In the records below, find the line holding "Production Of Enzymes"; copy it and every line after it to the end, omitting all images.
^^^^^^^^^^^^^^^^
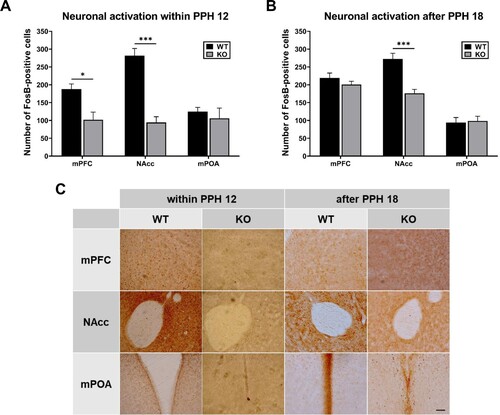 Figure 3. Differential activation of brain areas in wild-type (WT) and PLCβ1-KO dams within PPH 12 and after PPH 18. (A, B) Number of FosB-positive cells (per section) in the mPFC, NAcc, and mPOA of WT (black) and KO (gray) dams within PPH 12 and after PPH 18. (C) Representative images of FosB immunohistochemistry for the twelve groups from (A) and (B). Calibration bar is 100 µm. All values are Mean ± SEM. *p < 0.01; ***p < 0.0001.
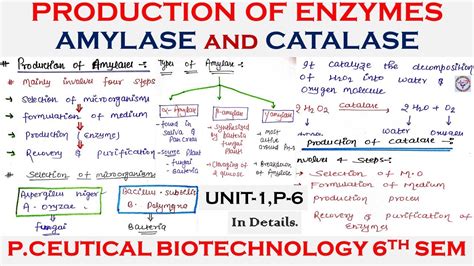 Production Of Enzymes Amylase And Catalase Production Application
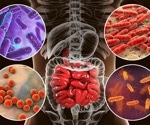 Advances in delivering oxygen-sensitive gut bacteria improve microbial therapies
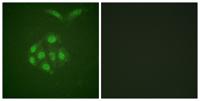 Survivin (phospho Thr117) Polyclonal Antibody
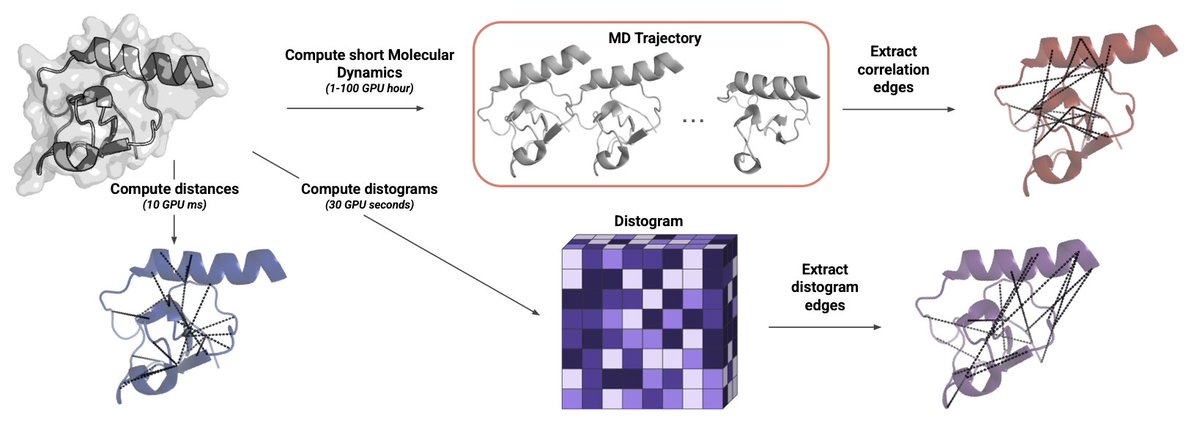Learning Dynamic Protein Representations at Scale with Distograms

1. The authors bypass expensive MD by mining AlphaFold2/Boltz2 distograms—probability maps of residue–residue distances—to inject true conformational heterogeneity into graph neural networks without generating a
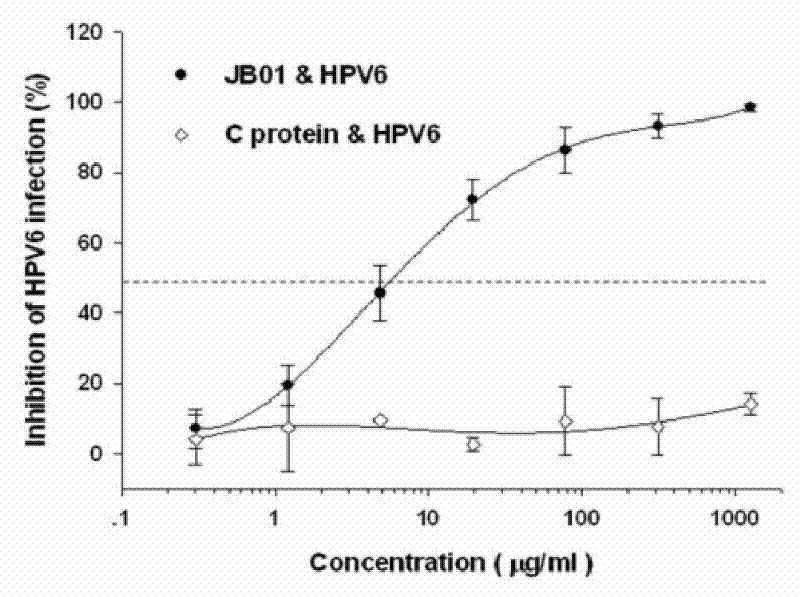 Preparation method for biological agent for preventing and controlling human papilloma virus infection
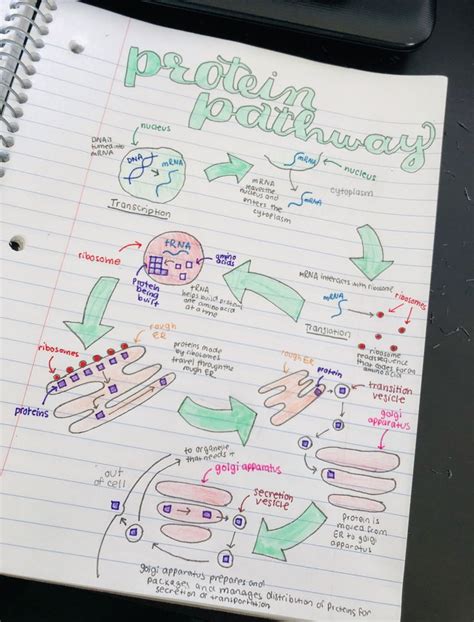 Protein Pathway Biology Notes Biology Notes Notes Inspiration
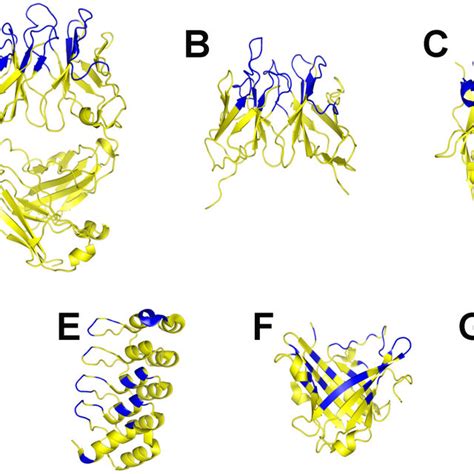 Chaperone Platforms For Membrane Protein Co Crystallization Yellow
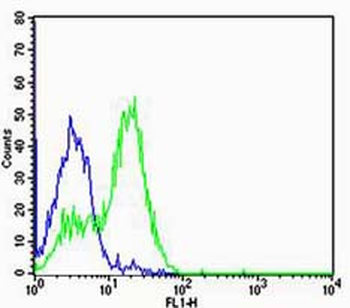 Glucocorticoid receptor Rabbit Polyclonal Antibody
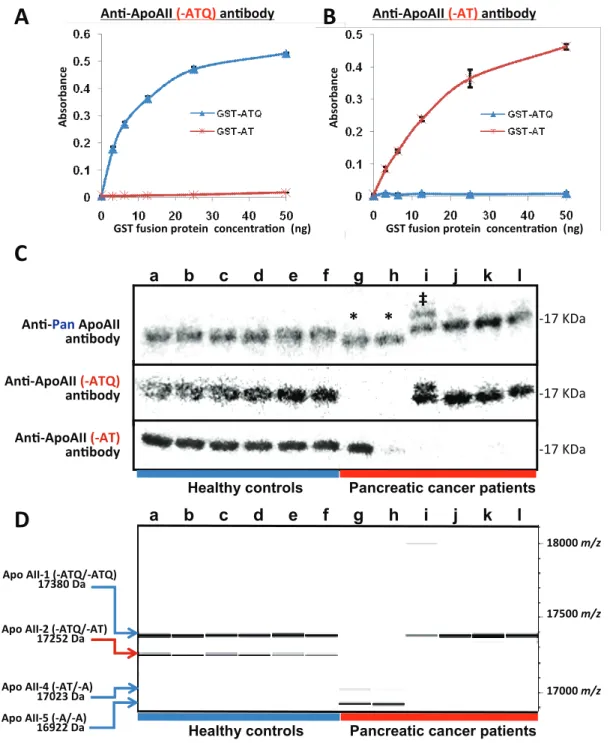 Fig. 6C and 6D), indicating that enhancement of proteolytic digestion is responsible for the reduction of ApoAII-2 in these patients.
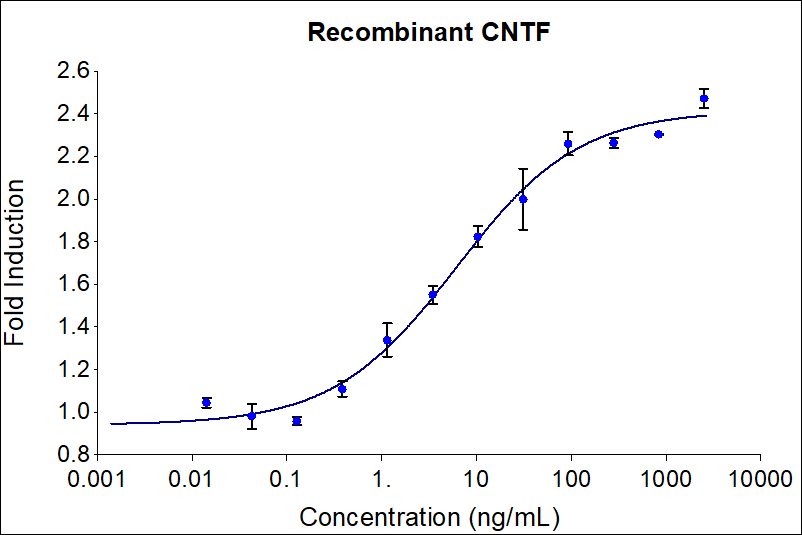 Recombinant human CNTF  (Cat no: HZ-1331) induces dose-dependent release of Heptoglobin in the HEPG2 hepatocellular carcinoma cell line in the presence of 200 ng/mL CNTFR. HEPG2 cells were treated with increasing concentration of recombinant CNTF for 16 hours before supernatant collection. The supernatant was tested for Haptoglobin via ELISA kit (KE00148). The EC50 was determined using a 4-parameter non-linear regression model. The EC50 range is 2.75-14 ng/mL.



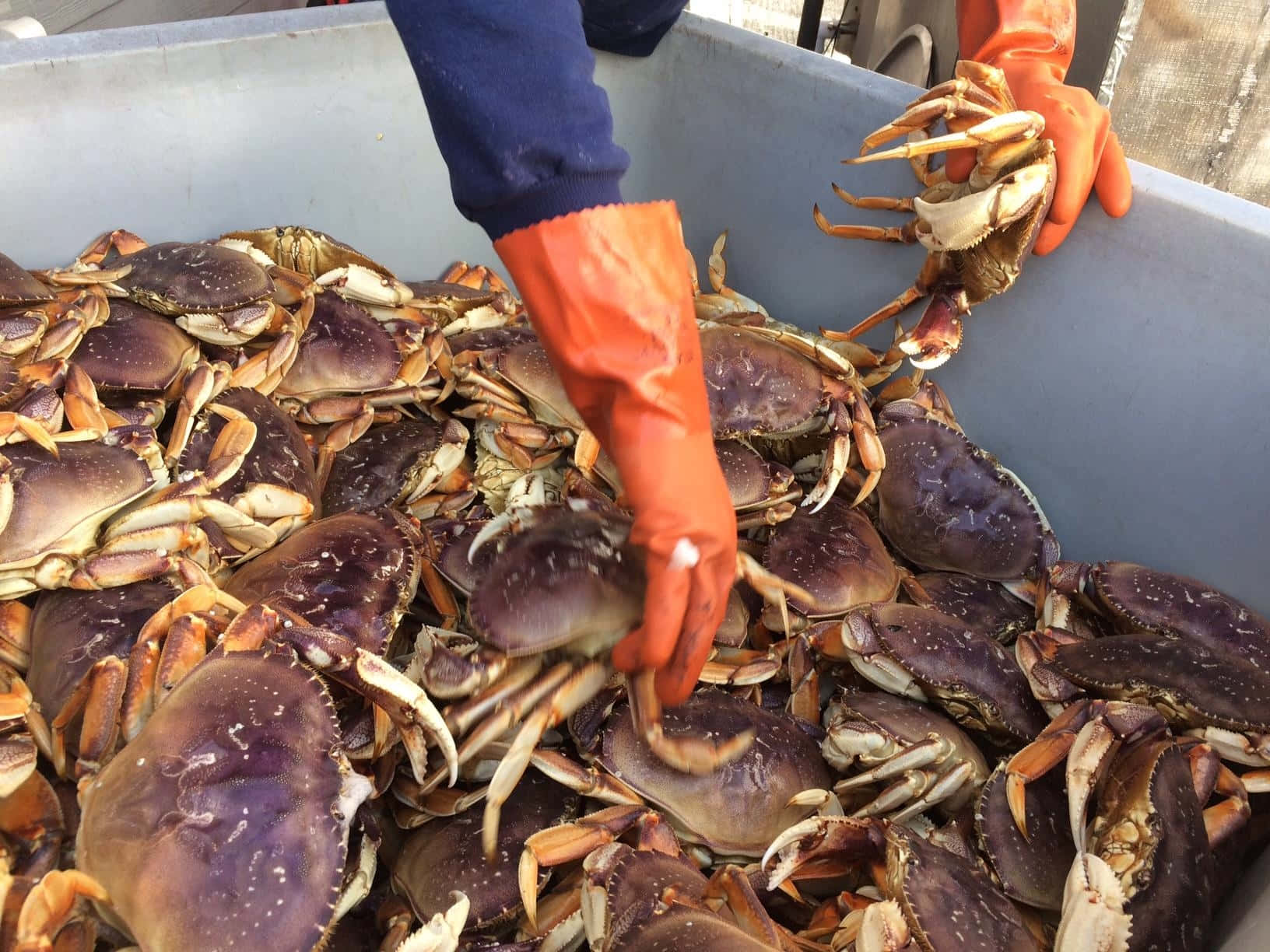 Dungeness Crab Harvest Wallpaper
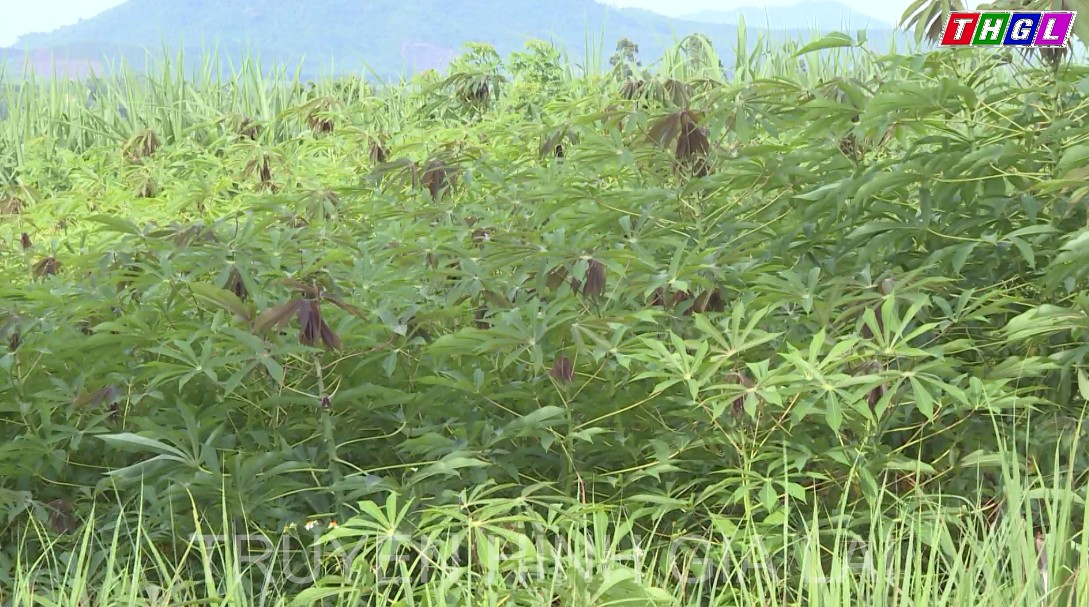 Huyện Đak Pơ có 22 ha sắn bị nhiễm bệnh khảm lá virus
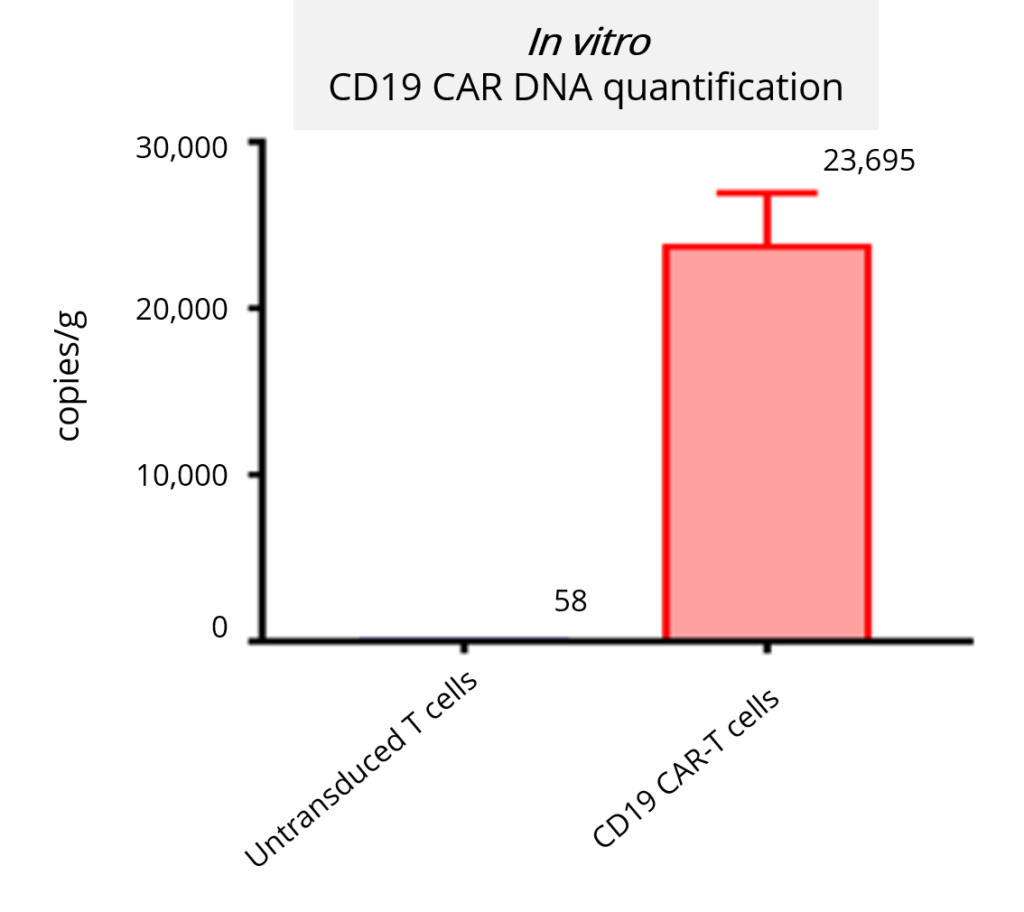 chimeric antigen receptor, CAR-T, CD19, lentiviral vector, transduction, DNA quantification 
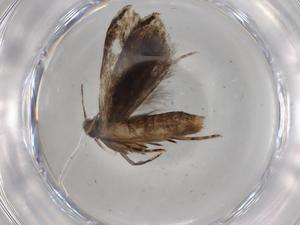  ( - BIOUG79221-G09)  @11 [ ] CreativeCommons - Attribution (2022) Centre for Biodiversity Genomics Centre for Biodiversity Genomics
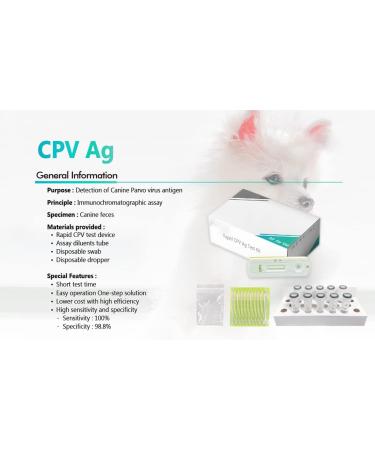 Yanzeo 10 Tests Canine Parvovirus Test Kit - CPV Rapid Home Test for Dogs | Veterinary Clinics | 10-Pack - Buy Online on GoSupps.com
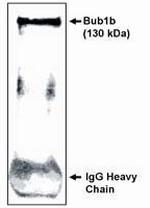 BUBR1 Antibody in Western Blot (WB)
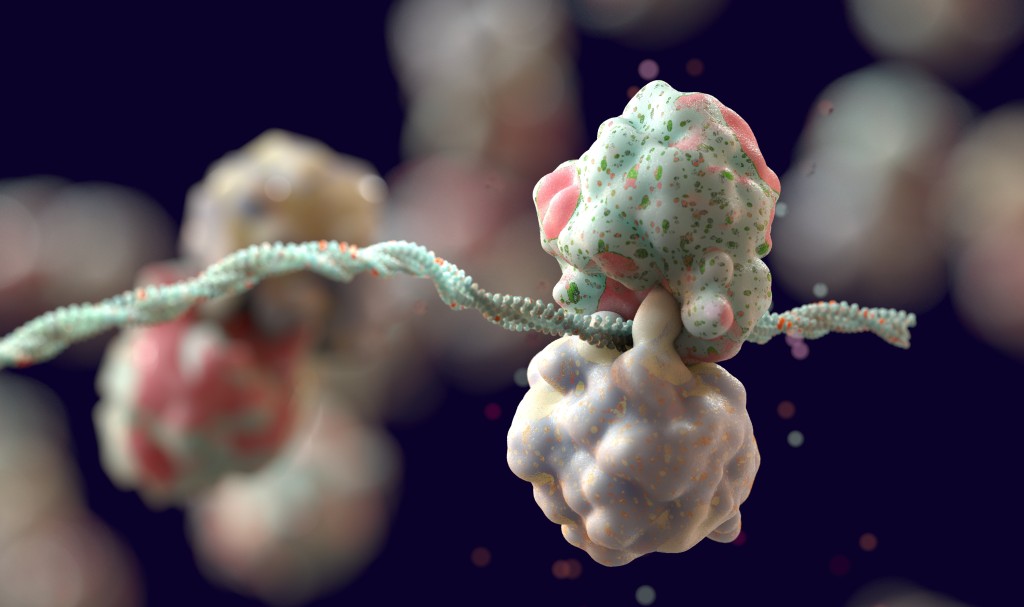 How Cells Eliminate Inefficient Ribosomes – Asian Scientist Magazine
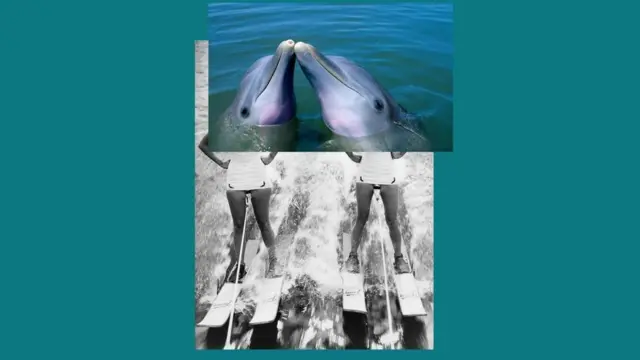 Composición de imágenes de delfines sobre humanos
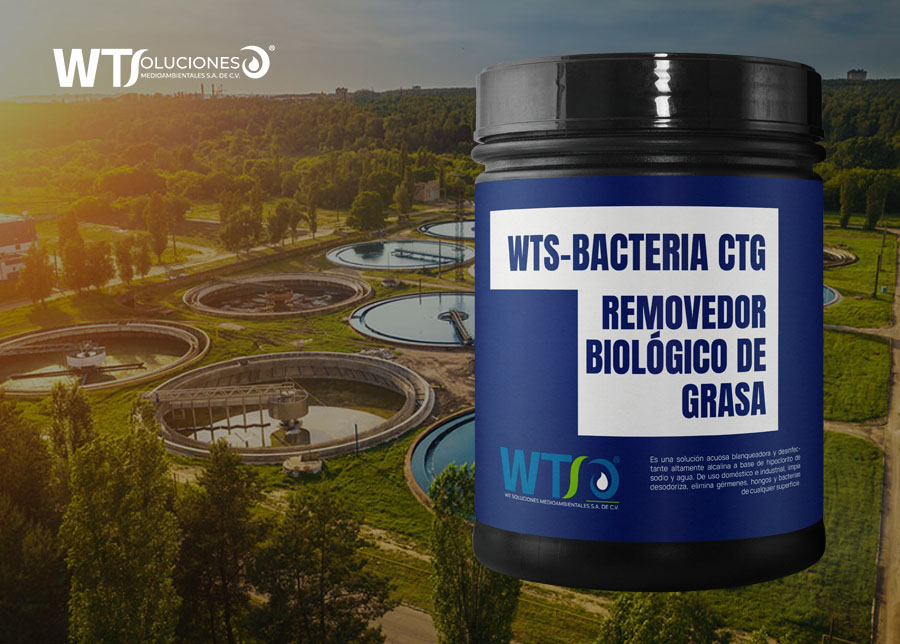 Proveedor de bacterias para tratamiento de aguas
^^^^^^^^^^^^^^^^
Reply =
 Production Of Enzymes Amylase And Catalase Production Application
 Advances in delivering oxygen-sensitive gut bacteria improve microbial therapies
 Survivin (phospho Thr117) Polyclonal Antibody
Learning Dynamic Protein Representations at Scale with Distograms

1. The authors bypass expensive MD by mining AlphaFold2/Boltz2 distograms—probability maps of residue–residue distances—to inject true conformational heterogeneity into graph neural networks without generating a
 Preparation method for biological agent for preventing and controlling human papilloma virus infection
 Protein Pathway Biology Notes Biology Notes Notes Inspiration
 Chaperone Platforms For Membrane Protein Co Crystallization Yellow
 Glucocorticoid receptor Rabbit Polyclonal Antibody
 Fig. 6C and 6D), indicating that enhancement of proteolytic digestion is responsible for the reduction of ApoAII-2 in these patients.
 Recombinant human CNTF  (Cat no: HZ-1331) induces dose-dependent release of Heptoglobin in the HEPG2 hepatocellular carcinoma cell line in the presence of 200 ng/mL CNTFR. HEPG2 cells were treated with increasing concentration of recombinant CNTF for 16 hours before supernatant collection. The supernatant was tested for Haptoglobin via ELISA kit (KE00148). The EC50 was determined using a 4-parameter non-linear regression model. The EC50 range is 2.75-14 ng/mL.



 Dungeness Crab Harvest Wallpaper
 Huyện Đak Pơ có 22 ha sắn bị nhiễm bệnh khảm lá virus
 chimeric antigen receptor, CAR-T, CD19, lentiviral vector, transduction, DNA quantification 
  ( - BIOUG79221-G09)  @11 [ ] CreativeCommons - Attribution (2022) Centre for Biodiversity Genomics Centre for Biodiversity Genomics
 Yanzeo 10 Tests Canine Parvovirus Test Kit - CPV Rapid Home Test for Dogs | Veterinary Clinics | 10-Pack - Buy Online on GoSupps.com
 BUBR1 Antibody in Western Blot (WB)
 How Cells Eliminate Inefficient Ribosomes – Asian Scientist Magazine
 Composición de imágenes de delfines sobre humanos
 Proveedor de bacterias para tratamiento de aguas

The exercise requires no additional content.